• What to work on
Go to the line holding "200 Ivy Meadow Way Ball Ground - 19" in the data below and repeat it exactly, then each line after it up to and including the one holding "Foto Renault Mégane 5". Omit pictures.

--- Information Enclosed Below ---

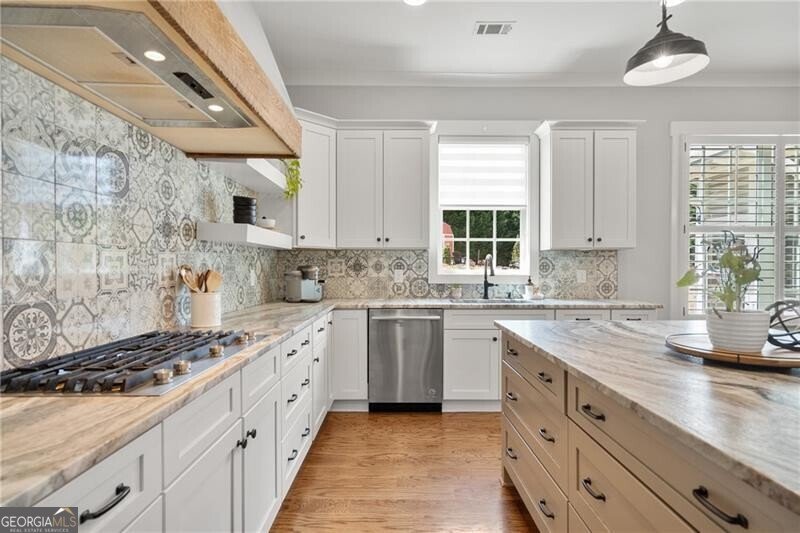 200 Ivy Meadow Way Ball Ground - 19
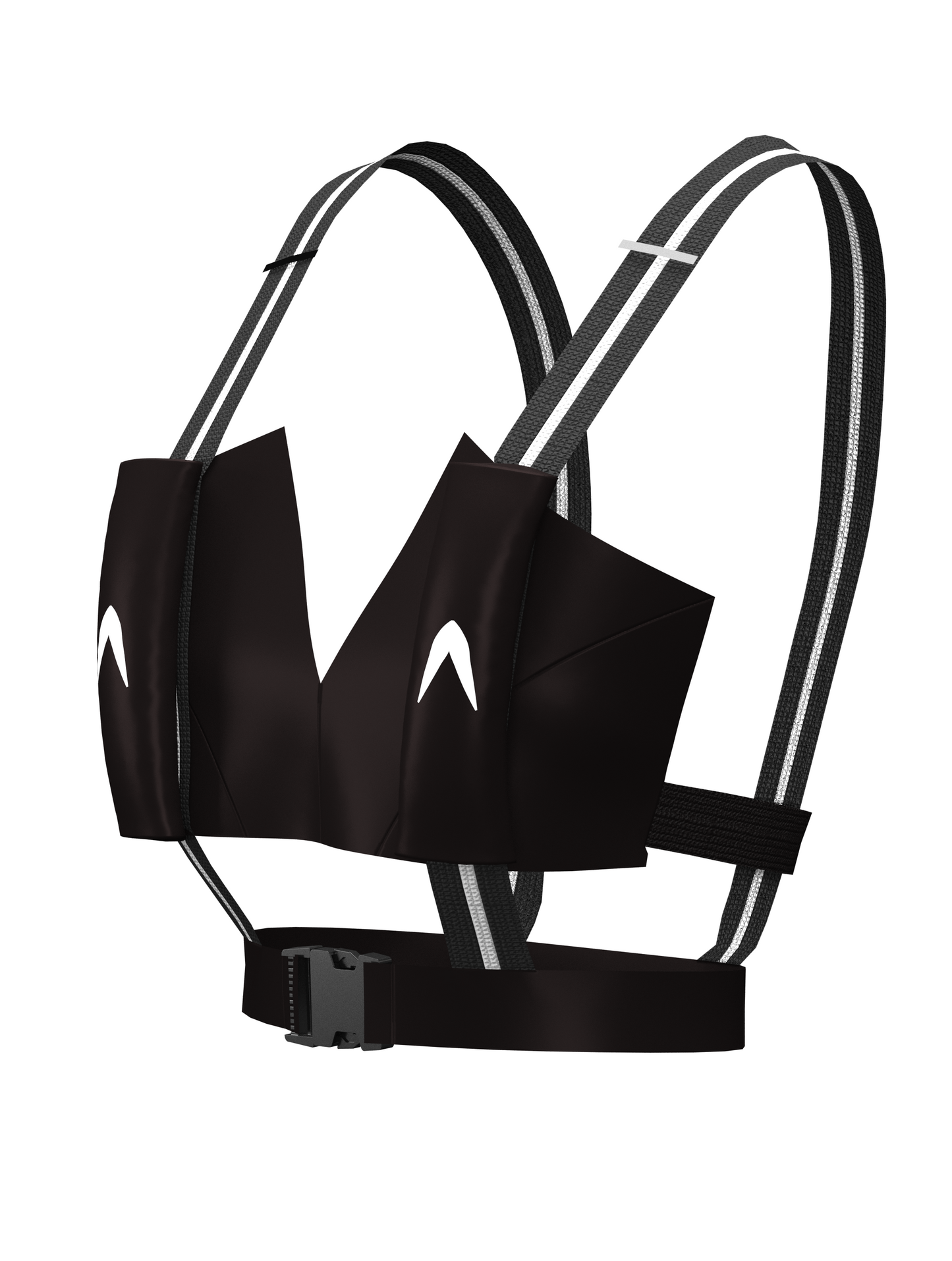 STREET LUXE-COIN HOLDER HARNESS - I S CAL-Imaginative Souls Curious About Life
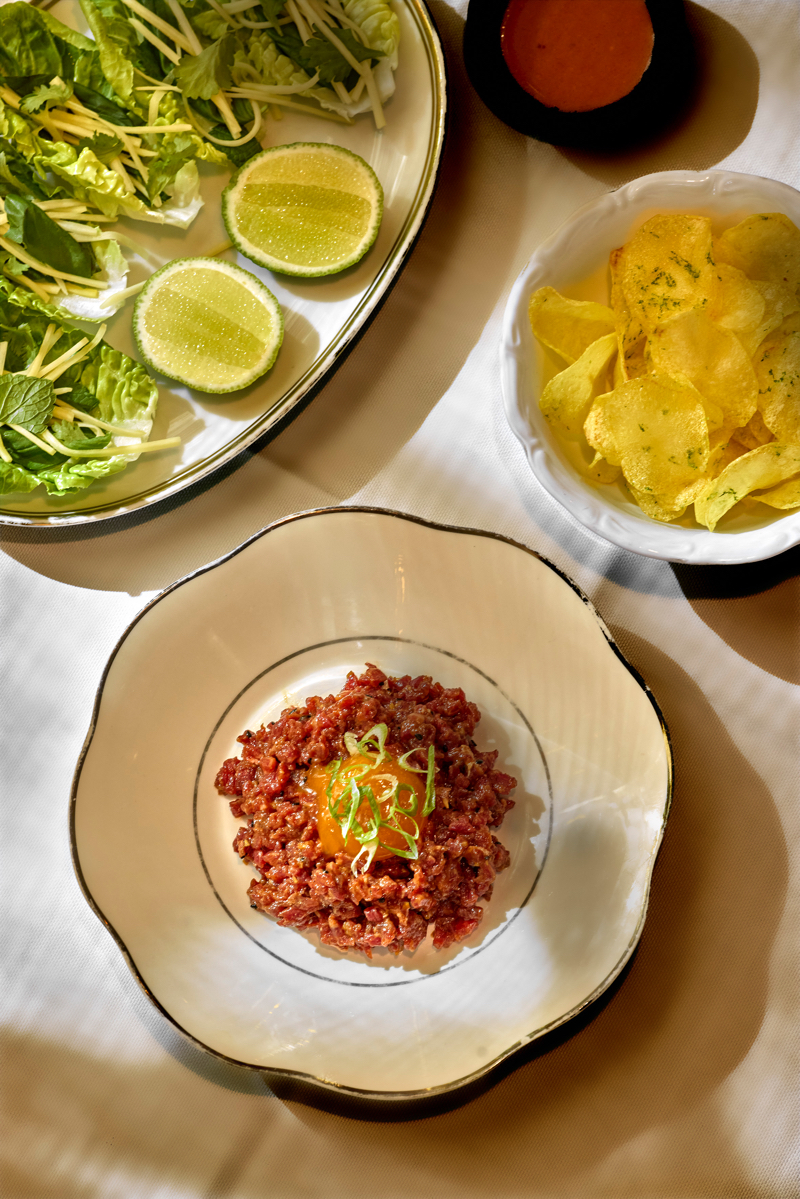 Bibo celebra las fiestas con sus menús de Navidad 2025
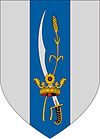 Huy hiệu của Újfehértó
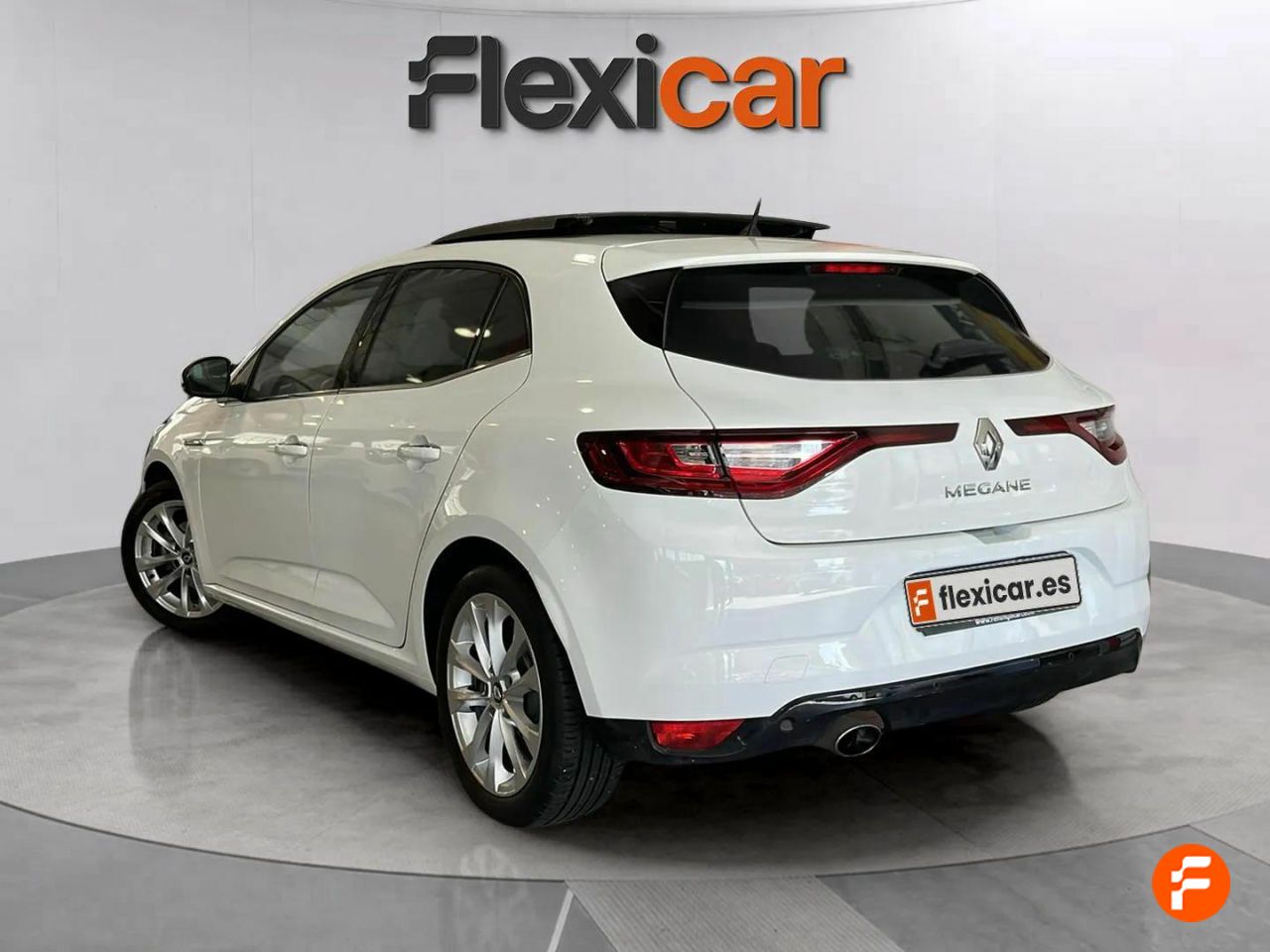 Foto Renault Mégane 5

--- End of Enclosed Information ---
--- Information Enclosed Below ---

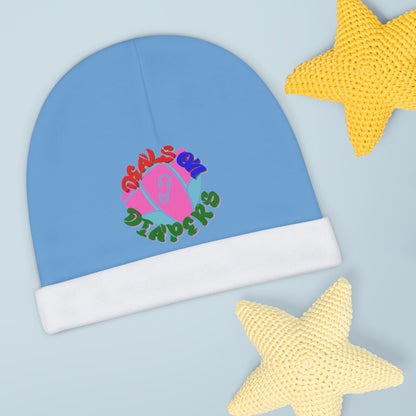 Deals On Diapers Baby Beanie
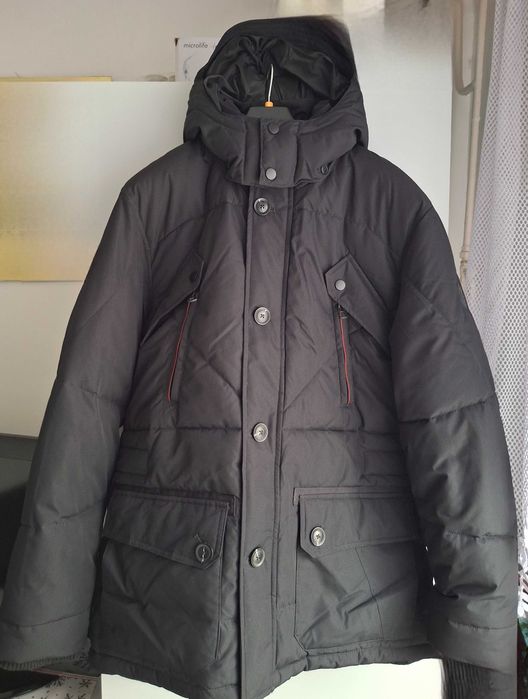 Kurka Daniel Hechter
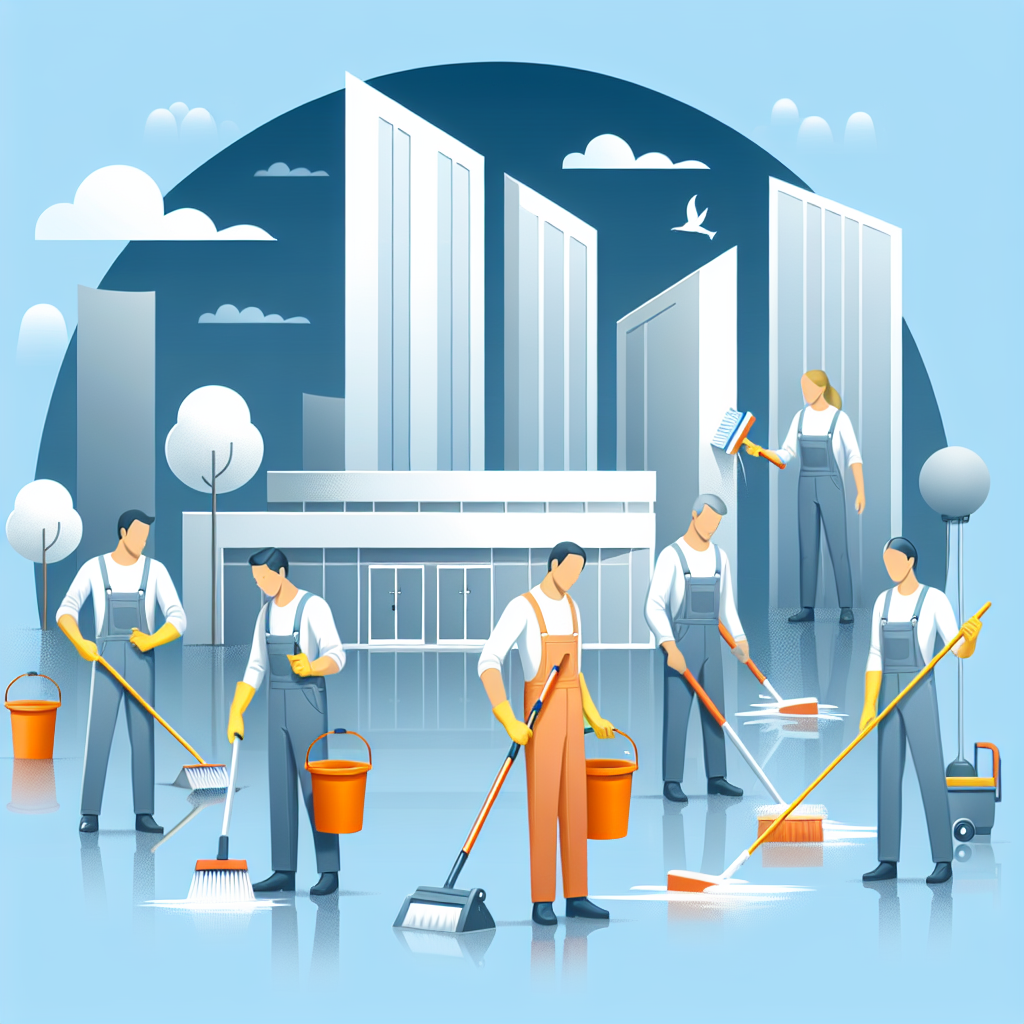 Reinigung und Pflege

--- End of Enclosed Information ---

• Solution to this problem
 200 Ivy Meadow Way Ball Ground - 19
 STREET LUXE-COIN HOLDER HARNESS - I S CAL-Imaginative Souls Curious About Life
 Bibo celebra las fiestas con sus menús de Navidad 2025
 Huy hiệu của Újfehértó
 Foto Renault Mégane 5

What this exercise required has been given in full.